La question centrale de ce rapport est de savoir dans quelle mesure le droit de vivre en famille et l’intérêt supérieur de l’enfant des personnes détenues en vue de leur éloignement sont suffisamment protégés. Suite à l’ouverture des unités familiales au centre fermé 127bis cet été, Myria dresse un état des lieux des questions liées à la détention d’enfants et les alternatives à celle-ci et rappelle les règles internationales à ce sujet. Myria met aussi en avant une décision récente prise par le Comité des droits de l’enfant des Nations Unies au sujet d’une famille détenue et rappelle l’importance du respect des engagements internationaux pris par la Belgique. Myria présente également les constats des visites qu’il a effectuées récemment dans les unités familiales.

Au niveau des alternatives à la détention, Myria observe que, si on exclut les familles libérées, la moitié des familles devant faire l’objet d’un éloignement forcé depuis une maison de retour le sont. Il conviendrait donc, selon Myria, d’investir davantage dans ces alternatives.
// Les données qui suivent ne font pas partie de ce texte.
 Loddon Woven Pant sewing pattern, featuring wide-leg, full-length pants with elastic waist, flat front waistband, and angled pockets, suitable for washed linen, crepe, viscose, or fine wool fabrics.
Ensuite, une attention particulière est portée sur un autre groupe de personnes vulnérables : les femmes enceintes ou ayant récemment accouché. Par manque de règlementation claire, celles-ci ne sont en effet pas suffisamment protégées contre la détention et l’éloignement. Myria rappelle également ses critiques sur la loi sur les reconnaissances frauduleuses qui donne, entre autres, trop de pouvoir discrétionnaire à l’officier d’état civil et qui semble disproportionné au regard de l’objectif recherché. Chaque enfant a le droit de voir sa double filiation établie et de jouir des droits éventuels qui en découlent. En cas de détention, Myria recommande que les parents et les enfants concernés bénéficient d’une protection contre l’éloignement durant toute la procédure d’établissement de la filiation.

En ce qui concerne le regroupement familial des personnes en détention, Myria y présente les obstacles juridiques et pratiques à l’introduction d’une demande depuis un centre fermé. Il recommande de modifier la réglementation pour prévoir explicitement la possibilité pour l’étranger détenu en centre fermé d’introduire une demande de regroupement familial (ainsi que ses modalités d’introduction).

Chiffres

En 2017, 45.601 décisions de retour ont été délivrées dont 42% suite à une arrestation administrative. On note également que 11% de ces décisions concernaient des citoyens de l’UE.

Environ la moitié des arrestations administratives a donné lieu à la délivrance d’un ordre de quitter le territoire (OQT) sans privation de liberté et 12% à un OQT assorti d’une décision de détention. Il est intéressant de noter que sur le total des arrestations administratives, 30% l’ont été dans le cadre de la migration de transit.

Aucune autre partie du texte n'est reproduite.